Look out your window. Count the cops. Most of you don’t see a single one, right? Unless a bank was just robbed in your neighborhood or the ‘hot doughnuts’ light is on at Krispy Kreme*, even those who see an officer probably only see at most one or two.
The reason there isn’t a cop living in your house making sure you don’t murder your neighbor is because you don’t need him. You can govern yourself. You may want to kill that idiot across the hall with the dog that kept you up all night but you won’t.
As long as the vast majority of people can also govern themselves, we’re golden. No need to hire millions of cops to keep us from stealing everything not nailed down. The few exceptions can be dealt with – that’s why we have a judicial system – only so long as they are exceptions. The instant immorality becomes the norm, we are doomed.
Yeah, I know. Morality has taken some pretty bad hits over the last hundred years. Funny thing is, despite what the polls say and despite what the media would have you believe, the majority still values morality. Most people think cheating on your spouse is just wrong even when making the excuse that these thing happen. Nah, they really don’t. Betrayal isn’t an accident.
Most of us don’t want to be jerks, let alone murderers. This despite over a hundred years of having the religious foundations undermined.

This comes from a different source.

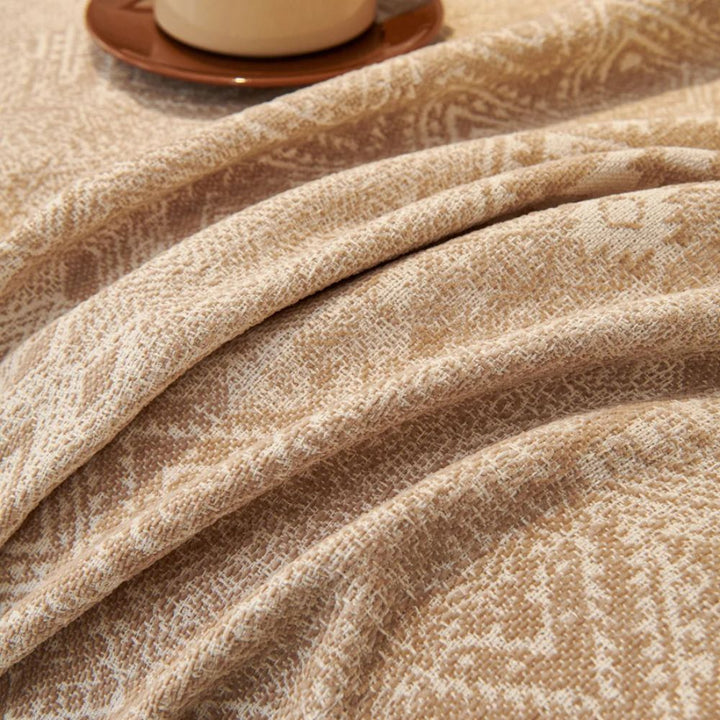 Ethno Cultural Tribe Sofa Cover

No, we don’t have to all be Christian nor are atheists all bad people, but the principles that make up our morality universally stem from religious roots. The dominate in the Western world are Judeo-Christian. Confucianism comes as close as possible to a philosophic morality but in reality, it, too, derives from religion.
Nothing wrong with that. Sometimes we do need to know that justice isn’t just a nice idea but a very real event in our future, be it here or the hereafter. Mind you, that’s a gross oversimplification that does no justice to any religion but there’s always that one jerk who has to know he’ll get a whooping before he’ll stop pulling pigtails.
A government designed to be governed by the governed themselves is completely and utterly dependent on the ability of the governed to govern themselves. That’s more than just a tongue twister. If we can’t play nice without a nanny watching over us, we cannot rule a nation-state. Simple as that.
Morals matter. They matter even more when you want huddled masses to actually breathe free. Freedom isn’t won only in the heat of battle by the blood of our heroes. Freedom is also won when we vote for the candidate we can’t stand because we think he or she is best for the job. When our morals, not the laws and not Big Brother, dictate our behavior, both in private and in the public square.
Responsibility takes all the fun out of freedom but there’d be no freedom without it.
Okay, maybe not all the fun…
*Apologies for the stereotype but I got to mention hot doughnuts in a political commentary!